I’m right there with you. Last Friday I wrapped up the last changes and edits to the Alpha 1 edition of Starforge, which means the Alpha 2 crew now has access to the entire length of the second Alpha. And they’re making good time too! At the current pace, I wouldn’t be surprised if a few of them finished it this weekend!

This has several meanings. For starters, it means that I’m currently bereft of editing for a brief moment, so I can work on other projects, such as the Starforge cover (ooooh yeah), short story writing, or getting more prep work done on the next Jacob Rocke book—perhaps even a few chapters written.

But it also means that Starforge is edging closer to the Beta reading, as based on the feedback from this Alpha, we’re close if not there. Maybe I’m wrong—I’ll wait until the second Alpha Reader crew has passed final judgement before making that call, but right now it does look positive. If things maintain their current course, though, the first Beta read could arrive this month!

Which would have other implications as well. See, once Starforge is officially out of Alpha, and there aren’t any additional structural changes in the pipeline, I can start dropping some real preview chapters on everyone. Previews, sneak peaks of characters and new tools at the trio’s fingertips. Sands, I could even start sending out early previews of the novel to select readers to start building hype.

Get ready folks, because Starforge is coming!
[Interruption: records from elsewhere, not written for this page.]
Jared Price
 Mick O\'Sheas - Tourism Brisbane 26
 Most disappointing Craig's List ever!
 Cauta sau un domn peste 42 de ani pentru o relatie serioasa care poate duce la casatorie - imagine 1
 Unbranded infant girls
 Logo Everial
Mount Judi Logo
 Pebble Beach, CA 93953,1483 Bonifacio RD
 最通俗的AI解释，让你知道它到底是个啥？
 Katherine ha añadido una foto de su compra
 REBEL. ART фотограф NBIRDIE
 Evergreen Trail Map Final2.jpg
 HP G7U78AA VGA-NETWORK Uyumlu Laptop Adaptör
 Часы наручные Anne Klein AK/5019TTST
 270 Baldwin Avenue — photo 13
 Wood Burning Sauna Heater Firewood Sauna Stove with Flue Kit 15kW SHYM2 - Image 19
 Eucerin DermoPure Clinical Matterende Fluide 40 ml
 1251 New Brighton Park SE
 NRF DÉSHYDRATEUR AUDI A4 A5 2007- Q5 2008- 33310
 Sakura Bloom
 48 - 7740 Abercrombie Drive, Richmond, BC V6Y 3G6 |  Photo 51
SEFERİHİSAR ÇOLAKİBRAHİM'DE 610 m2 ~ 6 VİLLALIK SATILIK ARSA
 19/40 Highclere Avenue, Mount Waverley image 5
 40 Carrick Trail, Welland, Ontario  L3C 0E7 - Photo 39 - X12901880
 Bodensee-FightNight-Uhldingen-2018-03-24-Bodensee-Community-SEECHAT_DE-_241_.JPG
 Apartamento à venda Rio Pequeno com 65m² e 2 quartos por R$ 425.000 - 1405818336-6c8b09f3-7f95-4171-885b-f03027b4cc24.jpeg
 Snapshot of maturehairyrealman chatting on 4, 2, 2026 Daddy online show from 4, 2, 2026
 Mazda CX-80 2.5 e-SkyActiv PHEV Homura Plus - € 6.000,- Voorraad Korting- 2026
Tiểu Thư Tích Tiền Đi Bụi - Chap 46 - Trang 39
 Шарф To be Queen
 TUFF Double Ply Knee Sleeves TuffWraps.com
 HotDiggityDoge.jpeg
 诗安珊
The grand finale of the UNSEC Space trilogy is almost here!

All right, with that said, let’s step away from the news and over to the subject of today’s post, which is once again worldbuilding!

Not without reason. If I recall correctly from our last topic call, today’s subject is indeed one of the reader requested topics we were asked to cover. Which … I get it. Worldbuilding remains a tough sea to navigate for many writers young and even experienced. We’ve spoken before of the challenges and even pitfalls of worldbuilding on the site, from starting guides to more involved deep dives.

And yet, there’s still more to cover. Worldbuilding, it would seem, is a topic almost as deep and varied as the resultant subject can be.

Which brings us, more directly, to today’s specific request. Which asked us to discuss how to know what should be shared and what should be held while writing a novel. Because not everything that a writer comes up with during worldbuilding has a place showing up in the narrative. In fact, for many worldbuilders, a majority of what you write out for worldbuilding won’t show up directly in the novel proper—though note that I use the term “directly” there, as figuring out the backstory of how the Magistrate of Evans in your story committed grand fraud, which is why everyone in your story now is suspicious of public officers is going to cast a shadow of influence over the whole work. We just likely won’t get the history-style writeup on it that you set aside in your worldbuilding.

Okay, enough preamble. Hit the jump, and let’s talk about what to hold back and what to show.

So let me be clear up front: There is a common and basic rule that is going to hold true with today’s topic. A sort of “rule of thumb” that’s both helpful and problematic in equal measure where worldbuilding is concerned, because while it is true, it doesn’t provide the whole answer, and ends up needing a more in-depth understanding of the subject.

That rule? You’ve very likely heard it in some version or another. It’s this: Everything in your story should serve the story in some way.

Now, I will note that there’s a common variation of this saying that makes the rounds frequently, especially in new writer chats, which is “everything in your story should move the plot forward.” Which is good general advice, but less useful as a rule for reasons we’ll actually discuss and touch on later. But without getting into them this early, it’s sufficient for us to say instead that everything you put in your story should serve the story in some way.

Okay, so let’s put some actual meaning to the term “serve” with regards to this directive. What does it mean to serve a story. I would argue that the most basic definition that we could arrive at is “anything that enhances the story for the reader.”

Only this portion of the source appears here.